[Work to be completed] Only one portion of the data is to be written out: from the line bearing "2172 Clary Sage Dr, Spring Hill, FL 34609" through the line bearing "Illustration of a". Write it exactly as it appears.

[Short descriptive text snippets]

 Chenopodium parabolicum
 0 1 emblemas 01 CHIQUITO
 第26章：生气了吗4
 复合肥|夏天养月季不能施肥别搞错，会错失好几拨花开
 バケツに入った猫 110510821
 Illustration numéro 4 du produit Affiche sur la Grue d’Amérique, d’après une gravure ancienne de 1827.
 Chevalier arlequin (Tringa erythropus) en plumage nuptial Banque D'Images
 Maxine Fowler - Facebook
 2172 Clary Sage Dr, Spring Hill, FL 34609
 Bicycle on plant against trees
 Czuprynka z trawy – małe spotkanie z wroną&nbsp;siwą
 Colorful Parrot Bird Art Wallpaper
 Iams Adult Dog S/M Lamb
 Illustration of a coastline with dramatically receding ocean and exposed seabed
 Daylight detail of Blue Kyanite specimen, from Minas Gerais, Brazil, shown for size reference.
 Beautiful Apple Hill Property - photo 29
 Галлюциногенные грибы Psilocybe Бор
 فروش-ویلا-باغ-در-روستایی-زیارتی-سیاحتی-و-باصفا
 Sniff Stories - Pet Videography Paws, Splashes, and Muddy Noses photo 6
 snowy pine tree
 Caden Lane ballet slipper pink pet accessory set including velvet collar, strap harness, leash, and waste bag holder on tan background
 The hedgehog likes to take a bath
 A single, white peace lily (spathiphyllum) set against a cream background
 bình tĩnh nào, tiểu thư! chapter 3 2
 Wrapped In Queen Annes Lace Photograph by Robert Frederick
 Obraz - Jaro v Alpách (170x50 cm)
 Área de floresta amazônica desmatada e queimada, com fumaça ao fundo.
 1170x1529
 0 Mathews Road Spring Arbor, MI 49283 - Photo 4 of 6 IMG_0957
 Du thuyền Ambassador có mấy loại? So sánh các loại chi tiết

[Exercise result]
 2172 Clary Sage Dr, Spring Hill, FL 34609
 Bicycle on plant against trees
 Czuprynka z trawy – małe spotkanie z wroną&nbsp;siwą
 Colorful Parrot Bird Art Wallpaper
 Iams Adult Dog S/M Lamb
 Illustration of a coastline with dramatically receding ocean and exposed seabed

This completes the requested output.